While we increasingly rely on large language models (LLMs) for various tasks, these models are known to produce inaccurate content or 'hallucinations' with potentially disastrous consequences. The recent integration of web search results into LLMs prompts the question of whether people utilize them to verify the generated content, thereby avoiding falling victim to hallucinations. This study (N = 560) investigated how the provision of search results, either static (fixed search results) or dynamic (participant-driven searches), affect participants' perceived accuracy and confidence in evaluating LLM-generated content (i.e., genuine, minor hallucination, major hallucination), compared to the control condition (no search results). Findings indicate that participants in both static and dynamic conditions (vs. control) rated hallucinated content to be less accurate. However, those in the dynamic condition rated genuine content as more accurate and demonstrated greater overall confidence in their assessments than those in the static or control conditions. In addition, those higher in need for cognition (NFC) rated major hallucinations to be less accurate than low NFC participants, with no corresponding difference for genuine content or minor hallucinations.

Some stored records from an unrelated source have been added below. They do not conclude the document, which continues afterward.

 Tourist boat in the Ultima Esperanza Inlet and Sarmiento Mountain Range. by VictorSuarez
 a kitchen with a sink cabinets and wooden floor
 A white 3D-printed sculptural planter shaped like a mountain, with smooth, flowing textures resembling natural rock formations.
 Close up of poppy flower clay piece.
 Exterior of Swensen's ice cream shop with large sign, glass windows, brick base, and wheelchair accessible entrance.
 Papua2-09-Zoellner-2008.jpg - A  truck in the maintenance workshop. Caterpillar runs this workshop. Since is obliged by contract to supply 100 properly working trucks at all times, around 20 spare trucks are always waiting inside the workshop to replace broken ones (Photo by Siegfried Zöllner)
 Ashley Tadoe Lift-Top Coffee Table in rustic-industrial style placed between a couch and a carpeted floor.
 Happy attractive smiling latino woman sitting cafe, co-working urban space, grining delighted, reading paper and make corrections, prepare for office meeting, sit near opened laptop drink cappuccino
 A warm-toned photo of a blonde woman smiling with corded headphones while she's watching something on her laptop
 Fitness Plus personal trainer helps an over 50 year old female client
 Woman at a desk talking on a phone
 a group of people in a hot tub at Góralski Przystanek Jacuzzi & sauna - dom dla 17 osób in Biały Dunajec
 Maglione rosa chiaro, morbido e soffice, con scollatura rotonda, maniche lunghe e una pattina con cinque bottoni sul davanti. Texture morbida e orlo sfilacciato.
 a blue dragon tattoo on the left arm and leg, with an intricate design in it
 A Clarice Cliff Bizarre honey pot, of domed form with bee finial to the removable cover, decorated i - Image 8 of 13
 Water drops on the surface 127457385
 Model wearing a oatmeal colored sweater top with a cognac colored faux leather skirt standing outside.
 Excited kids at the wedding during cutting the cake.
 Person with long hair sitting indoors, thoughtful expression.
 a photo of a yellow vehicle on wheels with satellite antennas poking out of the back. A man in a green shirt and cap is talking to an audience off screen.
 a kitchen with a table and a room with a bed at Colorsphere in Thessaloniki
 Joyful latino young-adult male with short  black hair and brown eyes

These results underscore the potential benefits of integrating web search results into LLMs for the detection of hallucinations, as well as the need for a more nuanced approach when developing human-centered systems, taking user characteristics into account.
翻译:[translated abstract in Chinese]
尽管我们日益依赖大型语言模型(LLM)执行各种任务,但众所周知,这些模型会产生不准确的内容或“幻觉”,可能带来灾难性后果。近期将网络搜索结果整合到LLM中的做法,促使我们思考人们是否会利用这些结果来验证生成内容,从而避免成为幻觉的受害者。本研究(N = 560)调查了,与控制条件(无搜索结果)相比,提供静态(固定搜索结果)或动态(参与者驱动的搜索)的搜索结果,如何影响参与者评估LLM生成内容(即真实内容、轻微幻觉、严重幻觉)时的感知准确性和置信度。研究结果表明,处于静态和动态条件下的参与者(相对于控制条件)认为幻觉内容的准确性较低。然而,处于动态条件下的参与者认为真实内容更准确,并且与处于静态或控制条件下的参与者相比,他们对自身评估表现出更高的总体置信度。此外,认知需求较高的参与者认为严重幻觉的准确性低于认知需求较低的参与者,而在真实内容或轻微幻觉方面则没有相应的差异。这些结果强调了将网络搜索结果整合到LLM中以检测幻觉的潜在益处,以及在开发以人为本的系统时,需要考虑用户特征,采取更细致的方法的必要性。